January 30th, 2006, 15:45
This is really straightforward so it will be short and sweet. :biggrin:

Socks proxy is a fairly lowlevel tcp (not udp) proxy that's flexible but your clients need to be socks-aware or you need to have a wrapper to work through. The good news is that many applications are capable of using socks. Also good news is the fact that OpenSSH has socks proxy support right out of the box.

What you will need:

1. A ssh client. Stock ssh or even putty on windows
2. A user account on the box you want to ssh through. Don't need root unless you want to use a port below 1024.
3. A client app to forward. Browser, chat, etc.

ssh -D 1080 user@host <-- -D means use dynamic ports and 1080 means to bind to port 1080 locally. Pick another port if this in use on your local client.

On putty (for Windows but it's also ported to FreeBSD and Linux), choose Tunnels, choose dynamic destination, put 1080 in the source port and click add. Then login as you usually would.

Now to configure the client to use the proxy. I'm using Firefox 1.5 in the screen shot but it can be any browser, gaim, whatever that does socks. Open your proxy settings and enable socks (version 4 or 5 since OpenSSH supports both) and put in for the host and 1080 (or whichever port you used) for the port.

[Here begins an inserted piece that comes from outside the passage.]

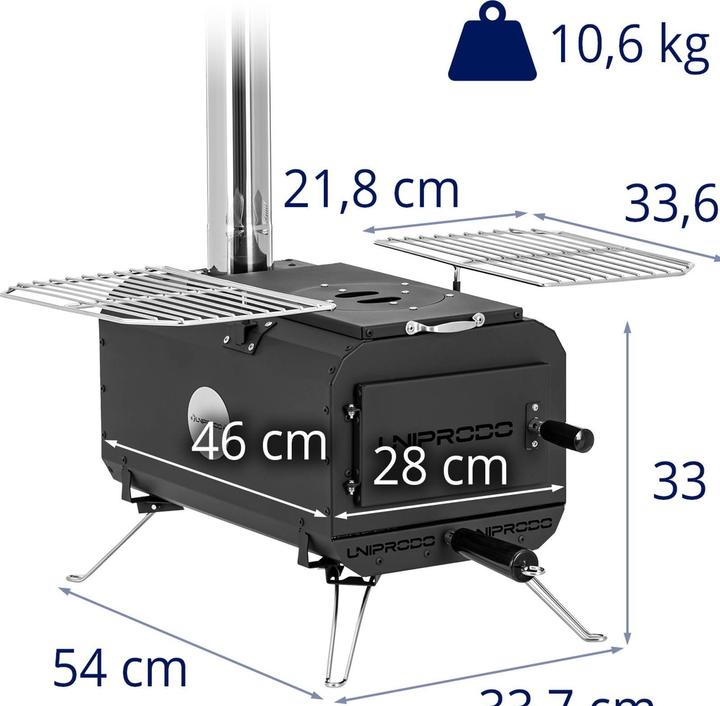 Immagine prodotto Uniprodo Stufa a legna per tenda - Nera - Pieghevole - 460 x 280 x 231 mm - Acciaio al carbonio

Firefox 1.5 doesn't seem to like using localhost but earlier versions can use either or localhost. Weird.

Now wherever you go with your client, it will look like it's coming directly from the ssh host instead. Enjoy.

I know several of you are asking why you might want to do socks over ssh. You can use it proxy insecure protocols (telnet, ftp, etc.) to a "safe" network. You may want to secure your traffic on a wireless network or if you are at the coffee shop or hotel plugged in. I saw a guy using this on IRC the other day when he needed to get out on an IP that his reverse DNS was deletgate to. Anywhere you want/need traffic to go out from a specific machine/IP/etc. or want to get off the local network, you could use this. :cool: Best of all, it's quick, easy and available.

January 31st, 2006, 12:33
If you have non-SOCKS capable clients (for instance, VNC, RDP, ftp, etc) then you may want to consider tsocks, dsocks (*NIX) or Freecap/SOCKScap (Windows). Those tools will let you "socksify" your applications and push them over the SSH tunnel.